SOMOS TODOS PRECÁRIOS, PRINCIPALMENTE COM UM CAPITALISMO SELVAGEM

“Somos todos precários”, afirma Guy Standing ao final de seu estudo sobre essa nova realidade do trabalho, nascida do cruzamento do “proletariado” com o “precário”. Vivemos em um capitalismo do desejo, da informação, das marcas, do projeto, do dinheiro e das finanças virtuais. Neste capitalismo de projeto, o precariado é aquela pessoa aturdida, que gastou suas economias em um perfume propagandeado, mas que não obteve o sucesso social. Ao contrário do excluído tradicional, ele é convidado para a festa – mas batem-lhe a porta à cara. A condição essencial do precariado é a frustração. Ela pode transfornar-se em vontade política de mudança? Não é fácil. Hoje, o precariado opta mais pela teatralidade das protestos mais numerosos que as manifestações tradicionais esquerda ou direita – mas capazes, no máximo, de constranger o Estado, não de transformá-lo.
Já faz trinta anos que a direita expôs sua receita e a repetiu até convertê-la em um novo senso comum: desmontar o Estado, privatizar, desideologizar parlamentos e partidos, controlar a mídia, financiar fundações e universidades, combater os “excessos de democracia”, submeter o Sul por meio da dívida, aumentar a exploração da natureza e financiar a economia através do déficit público e eliminação dos limites à expansão financeira.
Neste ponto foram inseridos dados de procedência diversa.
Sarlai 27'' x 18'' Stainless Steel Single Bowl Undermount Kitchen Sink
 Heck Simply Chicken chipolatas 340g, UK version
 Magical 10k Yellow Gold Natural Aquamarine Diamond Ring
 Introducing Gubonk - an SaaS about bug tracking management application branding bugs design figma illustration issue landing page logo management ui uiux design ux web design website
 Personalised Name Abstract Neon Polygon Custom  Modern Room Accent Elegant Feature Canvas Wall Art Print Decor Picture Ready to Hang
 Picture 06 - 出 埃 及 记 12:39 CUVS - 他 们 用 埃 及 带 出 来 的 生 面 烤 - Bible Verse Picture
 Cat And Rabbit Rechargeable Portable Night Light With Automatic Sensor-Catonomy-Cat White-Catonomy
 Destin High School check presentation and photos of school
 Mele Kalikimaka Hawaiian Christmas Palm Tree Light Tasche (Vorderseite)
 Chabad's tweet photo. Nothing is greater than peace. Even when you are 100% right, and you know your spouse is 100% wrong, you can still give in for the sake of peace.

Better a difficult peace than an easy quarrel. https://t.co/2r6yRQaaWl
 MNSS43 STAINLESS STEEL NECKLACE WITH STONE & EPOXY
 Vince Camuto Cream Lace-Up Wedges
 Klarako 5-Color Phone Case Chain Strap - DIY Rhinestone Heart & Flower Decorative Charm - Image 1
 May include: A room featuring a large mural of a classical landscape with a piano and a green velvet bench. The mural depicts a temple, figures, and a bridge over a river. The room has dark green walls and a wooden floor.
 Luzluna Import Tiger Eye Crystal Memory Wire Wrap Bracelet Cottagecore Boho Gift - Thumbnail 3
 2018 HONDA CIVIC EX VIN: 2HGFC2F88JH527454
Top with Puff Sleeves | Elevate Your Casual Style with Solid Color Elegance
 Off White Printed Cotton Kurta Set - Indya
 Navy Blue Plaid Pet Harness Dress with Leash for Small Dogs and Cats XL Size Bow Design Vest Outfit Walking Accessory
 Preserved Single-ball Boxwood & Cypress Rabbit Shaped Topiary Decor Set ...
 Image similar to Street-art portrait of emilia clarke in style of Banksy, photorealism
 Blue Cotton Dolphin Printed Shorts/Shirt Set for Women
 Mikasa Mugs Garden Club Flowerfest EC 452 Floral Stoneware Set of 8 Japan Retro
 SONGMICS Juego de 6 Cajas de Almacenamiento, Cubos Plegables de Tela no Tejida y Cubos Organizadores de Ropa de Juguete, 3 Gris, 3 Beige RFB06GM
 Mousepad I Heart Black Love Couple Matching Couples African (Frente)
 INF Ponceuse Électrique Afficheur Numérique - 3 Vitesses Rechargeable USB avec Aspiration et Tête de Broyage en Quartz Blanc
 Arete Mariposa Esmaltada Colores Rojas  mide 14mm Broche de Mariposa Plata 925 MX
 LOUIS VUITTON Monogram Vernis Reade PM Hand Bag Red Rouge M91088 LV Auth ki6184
A esquerda social-democrata abraçou o neoliberalismo sob a égide da “terceira via”. A esquerda não social-democrata se social-democratizou e começou a entoar o canto repetido do retorno ao Estado social perdido (que ontem criticava). A direita passou três décadas fazendo seus deveres. Já a esquerda, não. A precarização generalizada do trabalho não esteve ausente nessas décadas. Na verdade, ninguém moveu um dedo para evitar que isso acontecesse.
O precariado, diz Standing, é uma nova classe social em formação que, embora ainda não seja uma “classe para si” (quer dizer, que se reconhece e luta por seus próprios interesses), tem já uma série de características específicas que nos convidam a entendê-la como uma entidade que promete ação coletiva própria. O precariado vive uma flexibilidade laboral nem sempre desejada e uma constante sensação de levar uma vida de má qualidade. Não equivale nem aos proletários tradicionais nem às classes médias superexploradas. Tampouco uma “subclasse” ou “a camada inferior da classe trabalhadora”. Quer boa parte das garantias dos trabalhadores tradicionais, mas não uma vida profissional como a de seus pais ou avós. Suas incertezas e inseguranças são peculiares. Consumistas e carentes de memória, seus membros parecem elegantes aos olhos dos mais velhos – que eles enxergam como dinossauros privilegiados.
Embora os sindicatos não o compreendam direito, o precariado existe e tem suas próprias características, ainda que seja apenas porque lê sua realidade de forma diferente. São pessoas bem-formadas, às quais se prometeu (na escola, na faculdade, na televisão, na publicidade, no exemplo de quem teve sorte) um mundo divertido, confortável e criativo – que nunca chega. São aqueles que viram a escada pela qual subiam ser chutada pelos que vieram antes deles. Mas que ainda não parecem ter pressa (como teve a classe operária, desde o final do século XIX). São pessoas com certa rede familiar (que se sustenta cada vez mais nos avós, mas que também está se precarizando), com uma formação que lhes permite sonhar com um futuro profissional brilhante (ao contrário do ocorreria com um proletário tradicional, condenado a um realismo inclemente). São mulheres e jovens (em sociedades onde as mulheres estão lutando para conseguir um espaço de igualdade e diferença, e onde há um aumento da esperança de vida que prolonga a juventude até os quarenta). São receptivos às mensagens de rebeldia e inconformismo herdados de 68. São urbanos (resultado do êxodo do campo para a cidade a partir dos anos 60 do século XX) e, portanto, sujeitos à condição paradoxal de estar profundamente conectados às redes, ao mesmo tempo em que estão desconectados do mundo real.